This change also removes empty terms and trim surface form in Nori's Korean dictionary. (Trey Jones, Jim Ferenczi)
* LUCENE-8550: Fix filtering of coplanar points when creating linked list on
polygon tesselator. (Ignacio Vera)
* LUCENE-8549: Polygon tessellator throws an error if some parts of the shape
could not be processed. (Ignacio Vera)
* LUCENE-8540: Better handling of min/max values for Geo3d encoding. (Ignacio Vera)
* LUCENE-8534: Fix incorrect computation for triangles intersecting polygon edges in
shape tessellation. (Ignacio Vera)
* LUCENE-8559: Fix bug where polygon edges were skipped when checking for intersections.
(Ignacio Vera)
* LUCENE-8556: Use latitude and longitude instead of encoding values to check if triangle is ear
when using morton optimisation. (Ignacio Vera)
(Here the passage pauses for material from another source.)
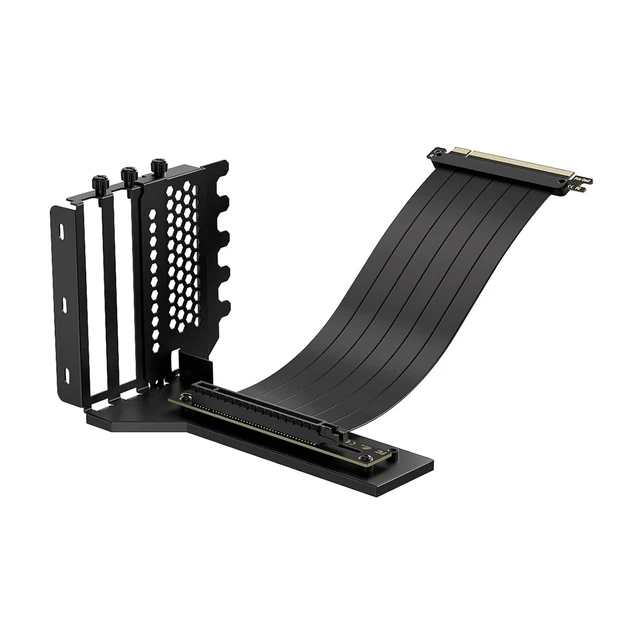 Alt view image 5 of 5 - Vertical GPU Mounting Bracket Graphics Card Holder Kit with 20cm PCI-E 4.0 X16 -Interference Riser Cable 90 Degree(PCI-01-BK)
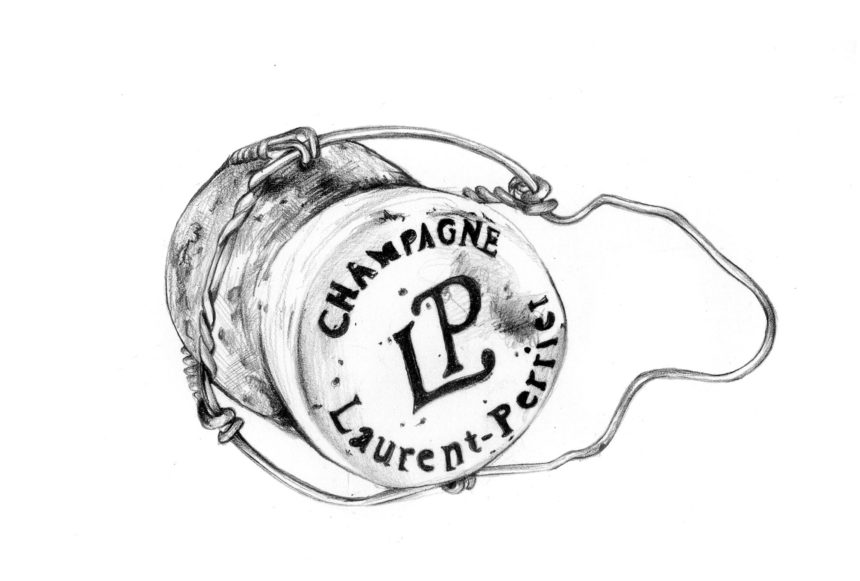Illustration en crayon d'un bouchon de champagne.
* LUCENE-8586: Intervals.or() could get stuck in an infinite loop on certain indexes
(Alan Woodward)
* LUCENE-8595: Fix interleaved DV update and reset. Interleaved update and reset value
to the same doc in the same updates package looses an update if the reset comes before
the update as well as loosing the reset if the update comes frist. (Simon Willnauer, Adrien Grand)
* LUCENE-8592: Fix index sorting corruption due to numeric overflow. The merge of sorted segments
can produce an invalid sort if the sort field is an Integer/Long that uses reverse order and contains
values equal to Integer/Long#MIN_VALUE. These values are always sorted first during a merge
(instead of last because of the reverse order) due to this bug. Indices affected by the bug can be
detected by running the CheckIndex command on a distribution that contains the fix (7.6+).
(Jim Ferenczi, Adrien Grand, Mike McCandless, Simon Willnauer)
New Features
* LUCENE-8496: Selective indexing - modify BKDReader/BKDWriter to allow users
to select a fewer number of dimensions to be used for creating the index than
the total number of dimensions used for field encoding. i.e., dimensions 0 to N
may be used to determine how to split the inner nodes, and dimensions N+1 to D
are ignored and stored as data dimensions at the leaves. (Nick Knize)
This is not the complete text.